Come on, are you really comparing religious myths to logical consequences of ever accelerating technological progress? If you think that the idea of a [relatively near] Singularity/Doomsday is "silly", then look at the alternatives: perpetual technological stagnation due to "social" factors or because suddenly ("magically"), against all odds, human knowledge hits a permanent, fundamental ceiling which prevents us from developing "strong" AI *and* nanotech *and* intelligence augmentation by means of genetic engineering. Profoundly illogical, and almost as silly as waiting for Jesus IMHO.
> or the Golden Bullet of nanotech which will
> magically make all our technological, social, and economic problems
> disappear.
No, but it will solve *most* contemporary problems, and of course create some new ones that we currently can't even imagine. Planning ahead for more than, say, 50 years is probably a waste of time. Planning ahead for more than a century is utterly absurd. By that time we'll all be dead or ascended.
> History has proven that humanity's predictive powers are often quite
> lacking, and certainly no reason not to reasonably plan for the future.
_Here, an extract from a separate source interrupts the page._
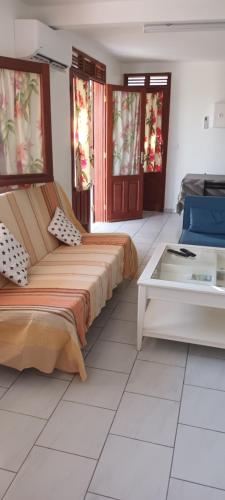 Shared lounge/TV area, Appart Vue Mer in Baie-Mahault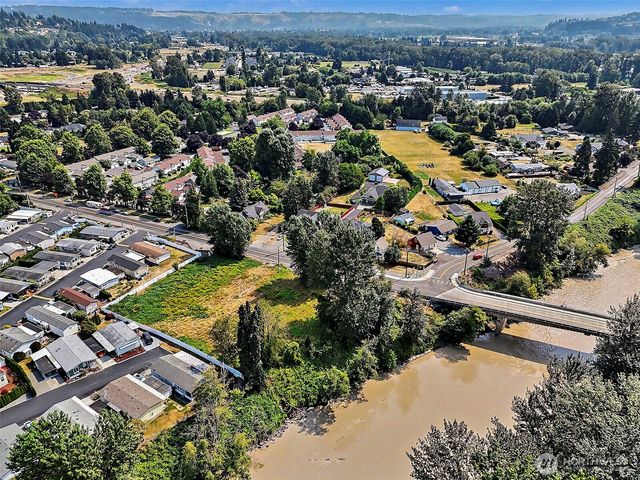 6314 Milwaukee Avenue E, Puyallup, WA 98372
History won't be of much use in the future. Unlike our ancestors, we're about to change some *very* fundamental things; the fabric of life itself, one might say. Instead of simply making more and better monkey-tools, we'll cease to be monkeys altogether. Now *that's* what I call a revolution.
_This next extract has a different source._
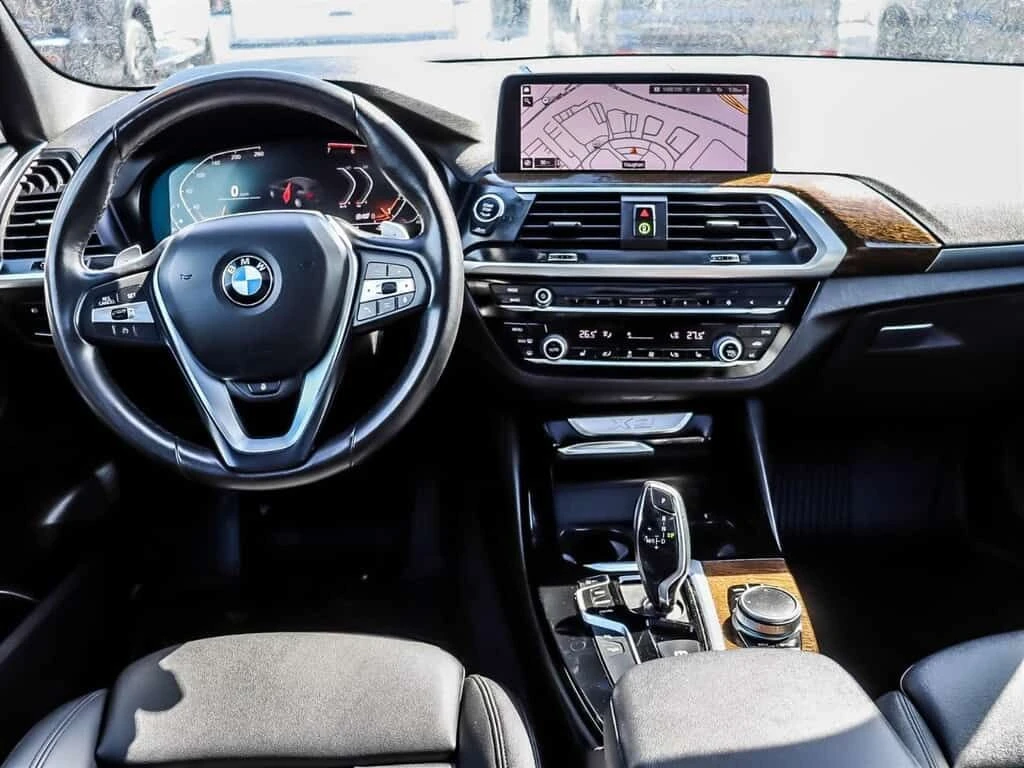 BMW X3 * xDrive30i Sports Activity Vehicle * CARFAX * ЦЕН, снимка 9 - Автомобили и джипове - 53935649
> Raising the average human IQ through a program of Conscious Evolution
What do you exactly mean by "Conscious Evolution"?
> is a
> worthwhile goal, and one that shouldn't be quashed merely because one model
> predicts doom for humanity's future...
That one model (which is in fact two models in one; the roads to extinction and ascension are paved with the same technologies) isn't just any model, but the most likely extrapolation of current trends. If you have a better model, I'd love to see it.